Les images avaient frappé l’opinion publique. De longues minutes où l’on voit un employé de l’abattoir du Vigan fouetter, taper à coups de pieds des moutons mal étourdis, infliger des coups de poing à des ovins suspendus, et même jeter contre des grilles métalliques des brebis dans un bruit assourdissant. Ce salarié, Marc Soulier, est jugé depuis jeudi pour actes de cruauté envers les animaux, au tribunal correctionnel d’Alès, dans le Gard, avec deux autres employés mis en cause et la Communauté de communes responsable de l’abattoir.

Il crie et rit à gorge déployée.
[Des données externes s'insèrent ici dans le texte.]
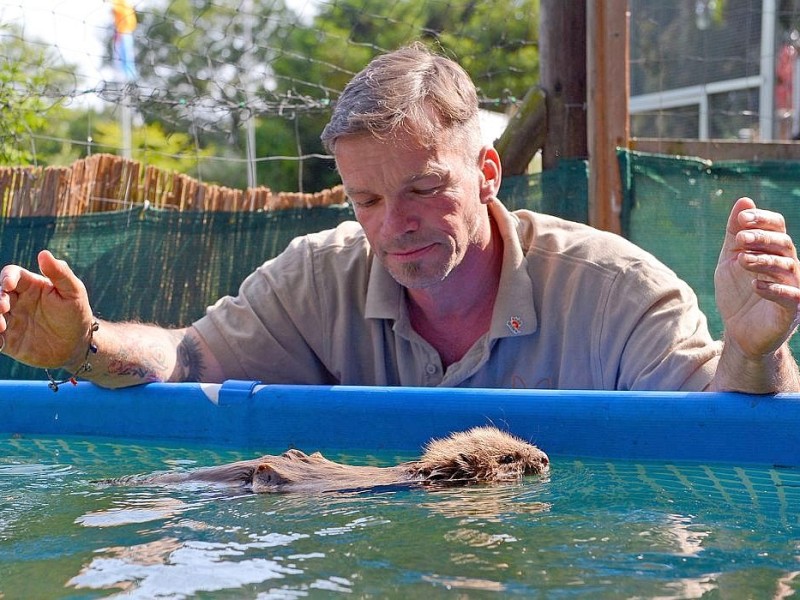 Biberbaby Momo wurde nach dem Elbe-Hochwasser verwaist auf einem Deich bei Lauenburg gefunden. In der Wildtierstation Hamburg wird er aufgepäppelt und fit fürs Leben in freier Natur gemacht. Hier schwimmt er in einem Swimmingpool, beobachtet von Stationsleister Christian Erdmann.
Ce procès inédit s’est justement ouvert par la diffusion de la vidéo, tournée en caméra cachée et diffusée en février 2016 par l’association de défense des animaux L214. À la barre, Marc Soulier, boucher de 24 ans, se défend de toute cruauté. "J’étais seul à ce moment-là et le troupeau ne voulait pas avancer. Ce n’était pas pour faire mal aux bêtes", explique-t-il. Dans la vidéo, le jeune homme crie et rit parfois à gorge déployée quand il inflige des décharges électriques gratuitement aux bêtes, pour "faire rire" un collègue. "Avec le recul, je me rends compte que j’ai fait une grosse connerie", confie-t-il face aux images qu’il reconnaît brutales. 

" Il a fallu apprendre vite et sur le tas "

Le manque de moyens et de formation. S’il avoue à demi-mot sa culpabilité, le principal prévenu fustige le manque de moyens de l'établissement et la dureté de son travail. Entré à l’abattoir à 15 ans, "on m'a tout de suite dit ‘il te faut tuer’ (...) On nous mettait la pression, il a fallu apprendre vite et sur le tas", raconte l'ancien salarié. Il met notamment en cause les "cadences" imposées, les "surcharges de travail", ainsi que les équipements défectueux et la direction qui "ne voulait rien entendre".

Il pointe aussi du doigt le travail des formateurs sur la protection animale, qui fait défaut selon lui. "Ces gens-là, ils sont derrière leur bureau. Si on les mettait dans une écurie, ils ne pourraient pas appliquer eux-mêmes ce qu'ils marquent sur les papiers", estime-t-il.

Les animaux ne sont pas "des égaux de l'Homme". Décrit comme "un fou" par certains collègues, Marc Soulier "ne voit pas les animaux comme des égaux de l'Homme", même s'ils "ont de la peur, du ressenti", poursuit-il.

Licencié de l'abattoir après la révélation des pratiques de cet établissement certifié bio, celui qui travaille désormais dans un atelier de découpe a confié à l'audience en sanglotant : "Cette histoire m'a détruit, j'ai perdu mon emploi, j'ai été obligé de changer de région, mes grands-parents ont reçu des lettres de menaces." L’ancien boucher encourt jusqu'à deux ans de prison et 30.000 euros d’amende.